Between Diego Maradona and Lionel Messi, a large part of Kolkata has come to identify itself with the Latin American nation, the eighth-largest country in the world, known for its waterfalls, wine, meat and, of course, football.
Many of them have no idea where Argentina is on the world map. But come World Cup, these people eat, drink and sleep Argentina. “Sir, aar kichhu chai na jiboaney, shudhu Messi-r haath-e cup (Sir, I want nothing else in life, only the cup in Messi’s hands),” Ghosh said.
Tens of thousands in this part of the world are saying the same in their own way.
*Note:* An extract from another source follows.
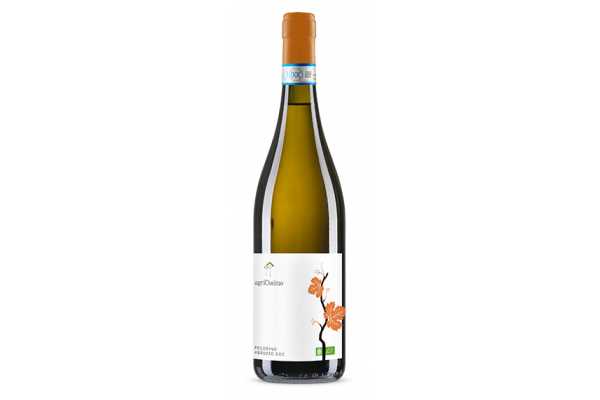 Vini Bianchi  Pecorino d'Abruzzo Doc Bio 2024 - Agricosimo 9,34&nbsp;€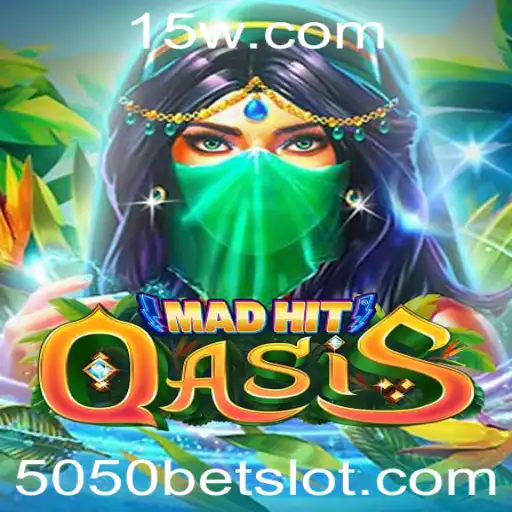 Descubra o Fascinante Mundo de MadHitOasis e 5050bet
Kolkata’s tryst with Argentina started in 1986, when Maradona led the La Albiceleste to World Cup glory. At the cusp of history once more, another debate is raging in the minds of Argentina fans. If Argentina were to win the cup, will Messi surpass Maradona?
Tanmoy Bose, chief patron of Argentina fans in a neighbourhood behind the fire station in Patuli, thinks he will.
Bose was a teenager when Maradona lifted the World Cup. He remembers being mesmerised by his “magical” left foot in front of a back-andwhite TV set.
Now 54, Bose is equally enchanted by Messi.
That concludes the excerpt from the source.